Many of you who smoke or used to smoke may be aware that smokers tend to catch more respiratory infections, including some that require antibiotics. In fact, even smoking as little as one cigarette a day can double one’s risk of developing pneumonia. Obviously, the best way to reduce your chances of developing a respiratory infection is to quit smoking. In addition, making sure to get your flu shot. And if you currently smoke or have asthma, diabetes, or certain other medical problems, a pneumonia vaccine can also reduce the chances of developing a serious respiratory infection requiring antibiotics.
Overuse of antibiotics
However, even with these precautions, you could still get sick. One of the biggest problems in this country is the unnecessary use of antibiotics. A lot of it is the fault of physicians, who, pressed for time, or perhaps because of ignorance, prescribe antibiotics for every cold. I suppose that it takes more time to discuss the self-limited nature of most mild respiratory infections with patients than to quickly scribble “z-pack” or some other antibiotic on a prescription pad.
Resistant bacteria – C.diff
We are reaping the fruits of our bad decisions. The rate of resistant bacteria in the general population has skyrocketed over the past decade. Amongst the most serious infections that we now see is a bug known as clostridium difficile, or c.diff for short. When someone takes antibiotics, many of the “good” bacteria that live in the intestines are wiped out. C.diff, having no competition, is able to settle down and start spreading, causing a severe intestinal infection. Lest you think this is like any other stomach bug in which you have the runs for a few days and then feel better, it isn’t. C.diff can lead to hospitalization, and at times may be fatal. In addition, some people end up needing emergency surgery in which part of the bowel is resected. Others need months of antibiotics due to the relapsing nature of this infection. In some cases stool transplants are needed (yes, it’s what it sounds like – someone else’s feces is transplanted into your colon).
The sad thing is that up until a few years ago, it was rare to see a case of c.diff outside of chronically ill hospitalized or nursing home patients. Nowadays, young and healthy people are showing up with it. Some studies show that for certain antibiotics, the risk of developing c.diff is as high as 5%. This may not sound like a lot, but 1 out of 20 people catching c.diff after being on antibiotics is a very large number due to how many antibiotics are prescribed for respiratory infections, bladder infections, skin infections, etc. every year.

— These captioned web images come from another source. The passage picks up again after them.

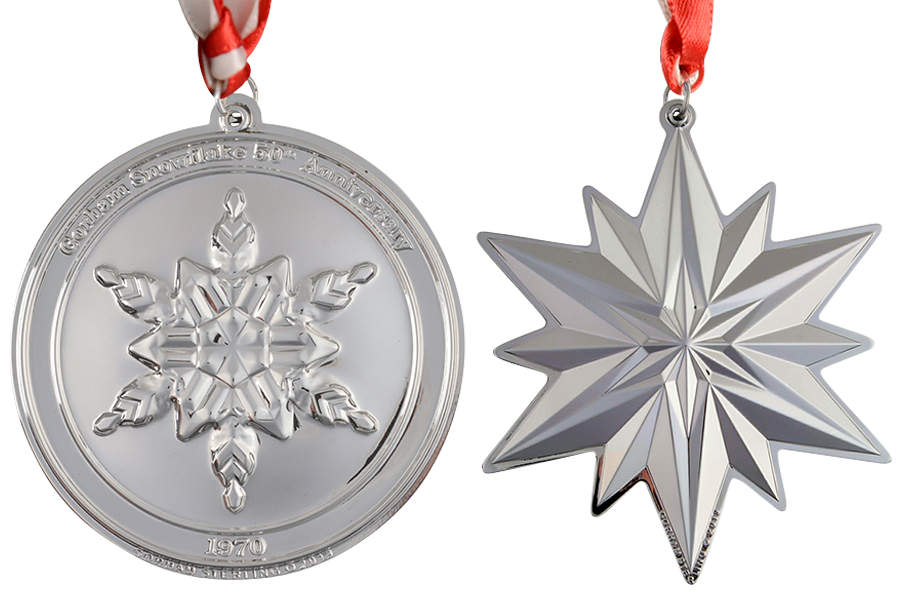 Snowflake Ornament 2019-50th Anniversary 2pc Collectors Set - With Box 50a by Gorham Silver-1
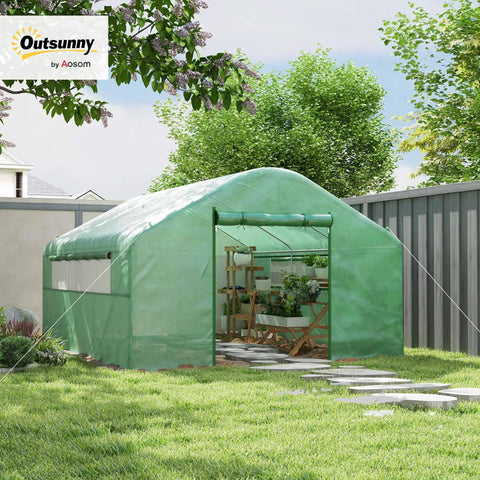 13 Ft By 10 Ft Hoop House Greenhouse With Large Windows And Roll-Up Zippered Door, Walk-In Tunnel Design, Upgraded Galvanized Steel Frame, Durable PE Cover For Easy Garden Growth, Dope Indoor Outdoor Plant Hot House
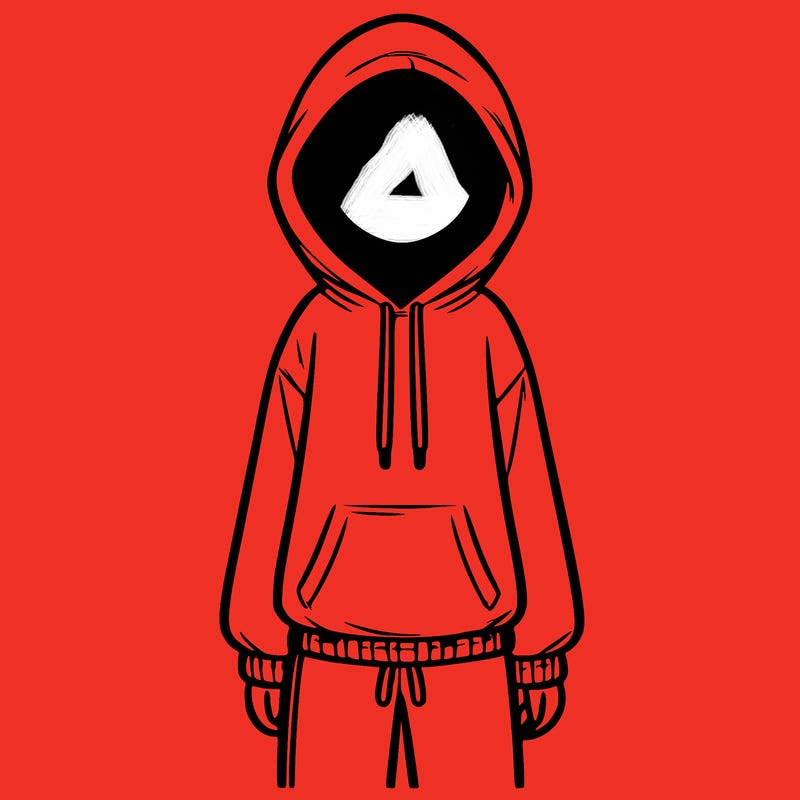 faceless girl in a tracksuit with a hood on and no hair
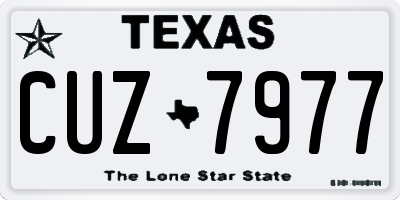 TX license plate CUZ7977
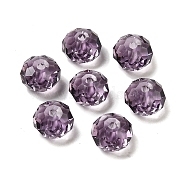 Glass Imitation Austrian Crystal Beads, Faceted, Rondelle, Medium Purple, 8x5~5.5mm, Hole: 1.2~1.5mm(GLAA-D015-01A-24)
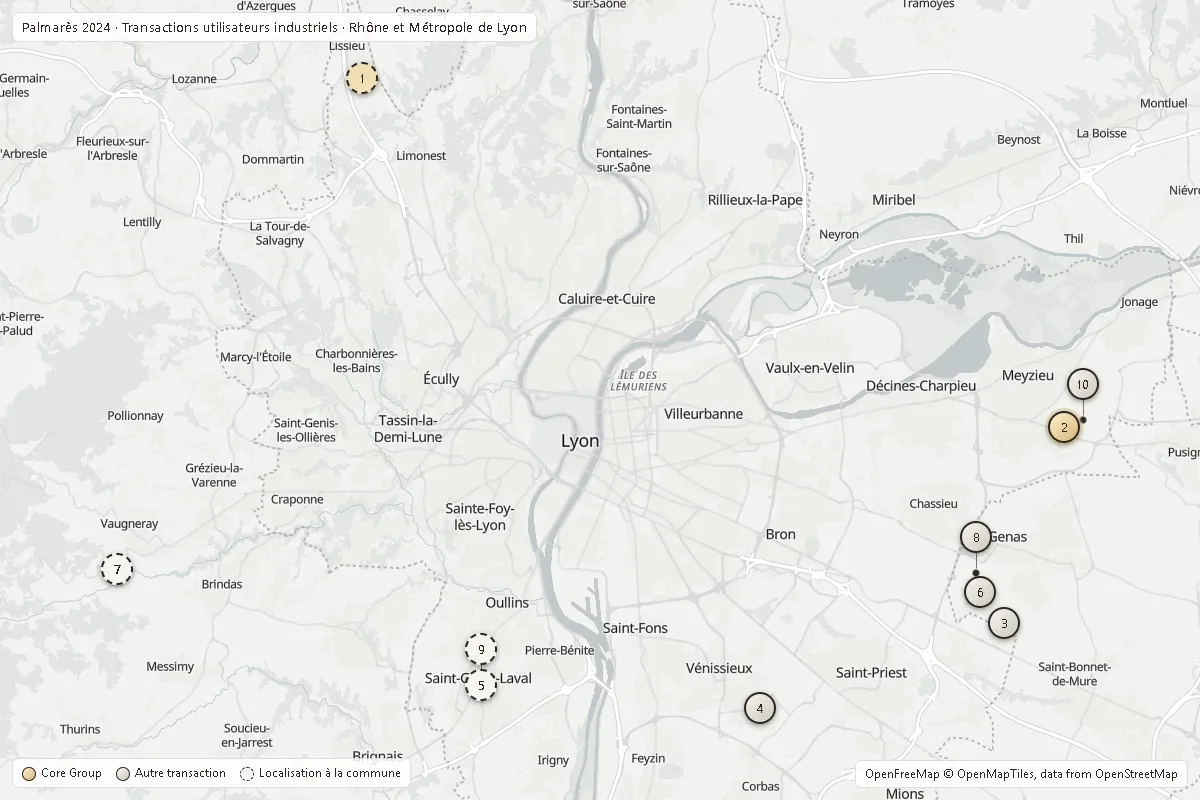 Carte du Rhône et de la Métropole de Lyon situant le Top 10 2024 utilisateurs industriels ; opérations Core Group en or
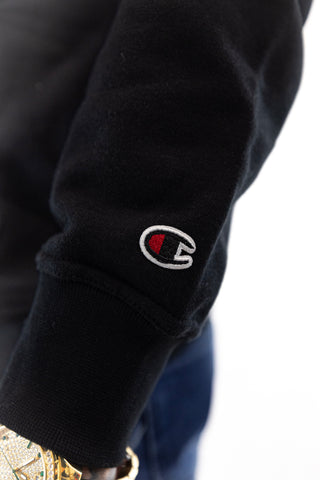 Sweat Preta Cardada Champion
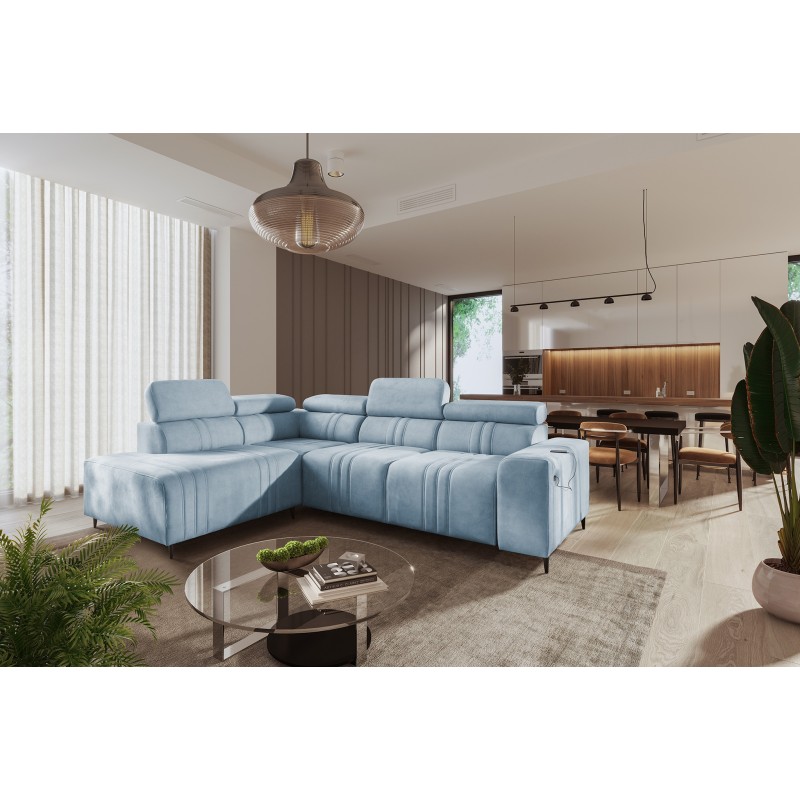 Verona VII Corner Sofa with Sleeping Function in Velour Fabric, Vena 6 – Elegance and Functionality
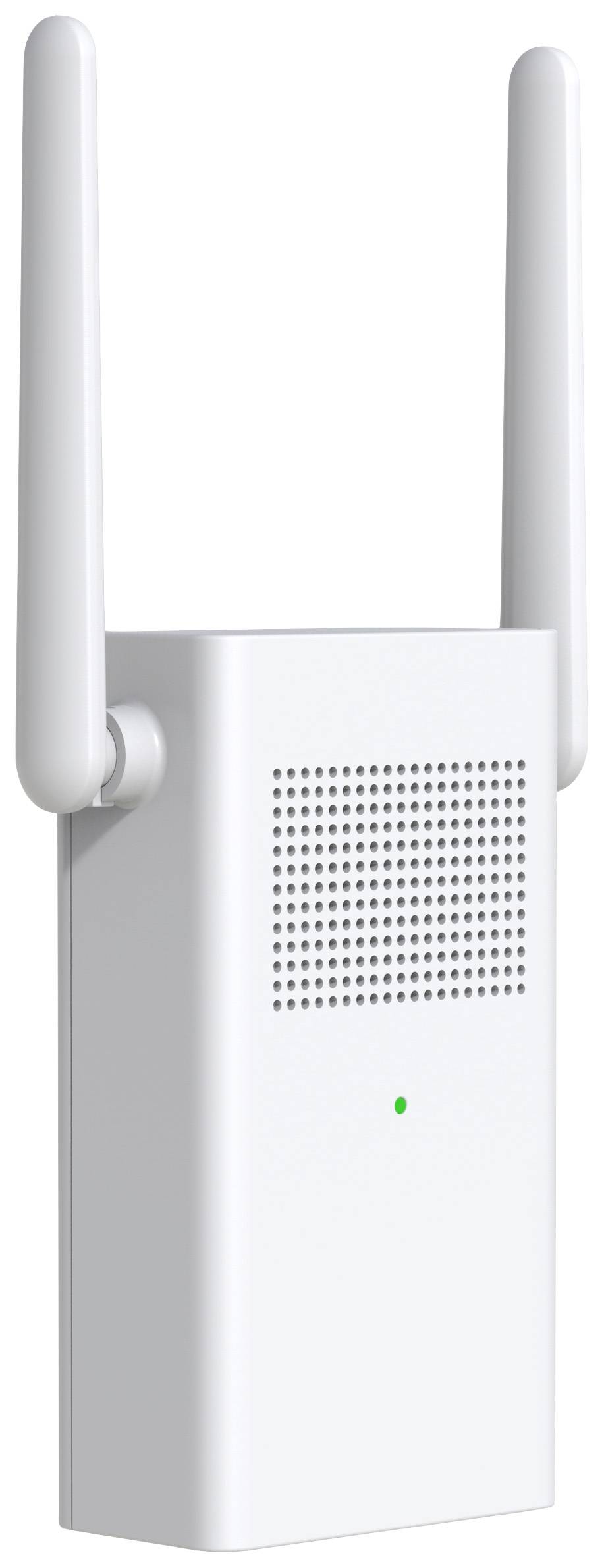 A white Wi-Fi extender with two antennae and a glowing LED indicator on the front.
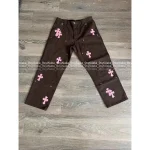 CHROME HEARTS 2025 Fall/Winter Collection 🤎 Maillard Brown Tones Pink Genuine Leather Cross Detail Cargo Pants - Image 6
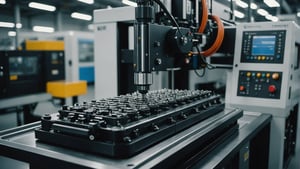 Injection molding machine producing various plastic components for different industries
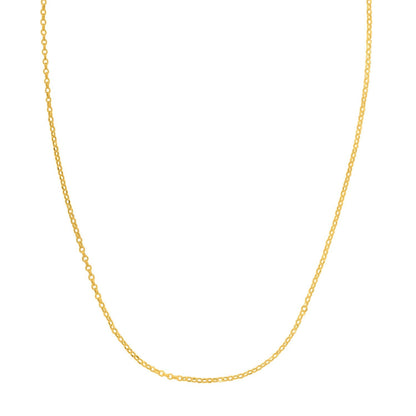 Double Extendable Cable Chain in 14k Yellow Gold (1.40 mm) Bids.com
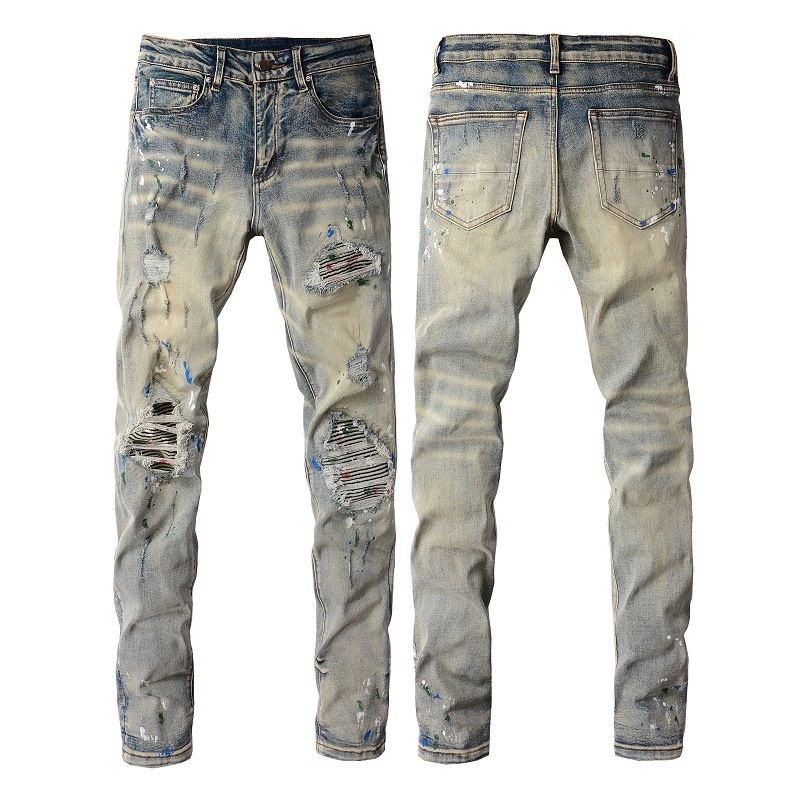 Loom European And American Style Jeans 98% Cotton + 2% Spandex High Street Graffiti Ripped Stretch Slim Fit Skinny Men's_mkmklike.com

So what can you do? First and foremost, try to avoid antibiotics if you don’t need them. If you’re otherwise healthy, then most respiratory infections, including bronchitis, sinus infections, and ear infections as well as regular colds do NOT require antibiotics, even if you’re a smoker. Symptomatic care and time is all that’s needed. If your physician is quick to write you a prescription for one, ask him or her if it’s really necessary. Often, doctors are conditioned to (wrongly) offer antibiotics because they believe that every patient wants it.
If you do need antibiotics (your symptoms are severe, worsening, or haven’t gone away within a couple of weeks, or if you have other medical problems such as emphysema), then take probiotics. Probiotics are healthy bacteria which can replenish what was wiped out by the antibiotic. Some yogurts contain them, but it’s probably more effective to buy a supplement. Take the probiotics while you’re on the antibiotics, and continue them for several weeks afterwards. Don’t take the probiotic at the same time as the antibiotic – rather space it apart at least a few hours. Also, try to buy a formulation that contains several different strains of bacteria, which may make the supplement more effective.
In addition, certain antibiotics such as clindamycin and levaquin are more likely to lead to c.diff. If your physician does recommend an antibiotic, voice your concerns and ask if you can be prescribed an antibiotic which is less likely to lead to c.diff (note that practically ALL antibiotics carry some risk).
Finally, be vigilant. If you develop diarrhea even 2-3 months after having taken antibiotics, it’s a good idea to follow up and be tested for c.diff (this requires a stool test, which at times has to be repeated even several times).